The Conservative Tribune is one of many right wing blogs that makes its living off people mistaking it for real journalism and sharing its posts on social media. And judging by the activity on my Facebook, there are a lot of people making this mistake.

Here's the thing, though. If you take the time to trace the story back to it's roots, something fascinating occurs. You find that the CT claim that Egypt charged Obama with war crimes was backed by a link to the Western Journalism Center, which claimed, not that Egypt had charged Obama with anything, but that Egyptian lawmakers had charged him.

This, in turn, is sourced by an article on an anti-Muslim CBN blog which claims that a group of Egyptian lawyers had actually made the accusation, in a complaint filed with the International Criminal Court.

The writer on CBN has a single source, an article in an Egyptian newspaper which states that a single lawyer claimed to have submitted to the ICC the charges. This single lawyer, FWIW, was on Mubarak's defense team, and the ICC never acknowledged receiving the communication - and also would not have jurisdiction, at any rate.

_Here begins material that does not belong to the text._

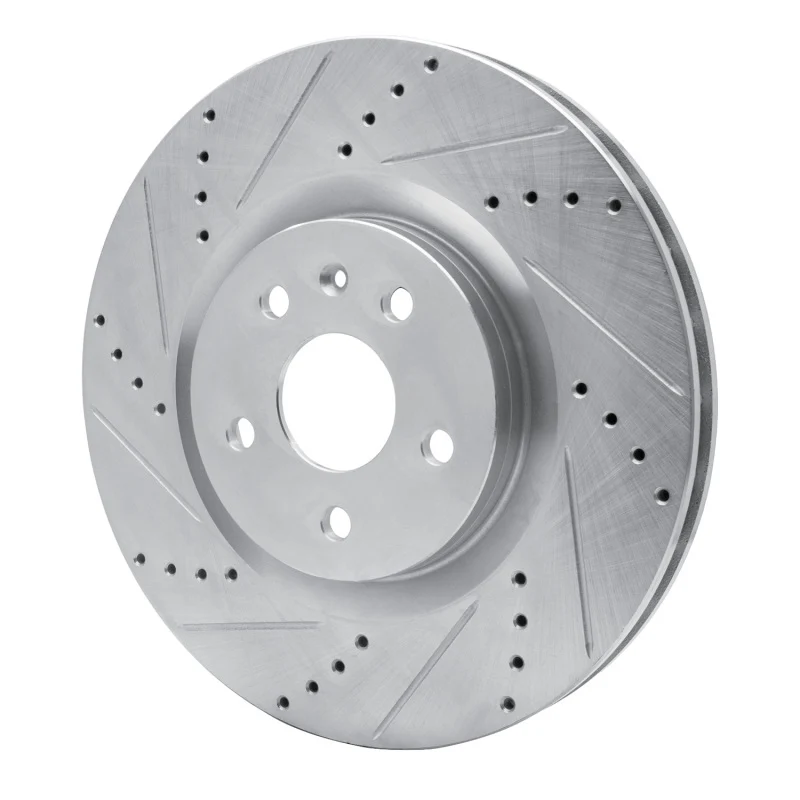 R1 09-17 Buick Regal Front Left Drilled & Slotted Silver Brake Rotor - Image 5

Now this stuff all happened a year ago. I don't know when the CT first published their post, but it's making the rounds now as if it's new (the CT purposefully leaves dates off its posts). That isn't the part that interests me, though. It's that a single newspaper in Giza can publish an unsubstantiated claim about a law professor accusing Obama of war crimes, and in three short steps among conservative "writers," it transforms into the Egyptian nation charging him.

At any rate, I offer this simply as an example of how these sites do business. They spread baseless rumor and make up lies simply to attract the kind of outrage that causes gullible people to share their posts on social media, which results in more page visits and more ad revenue. If you tend to read the CT or WJC or anything else like it, you should know what you're getting into.

goat
 
Of course

There are no liberal blogs posting equally egregious lies. What a waste of bandwidth.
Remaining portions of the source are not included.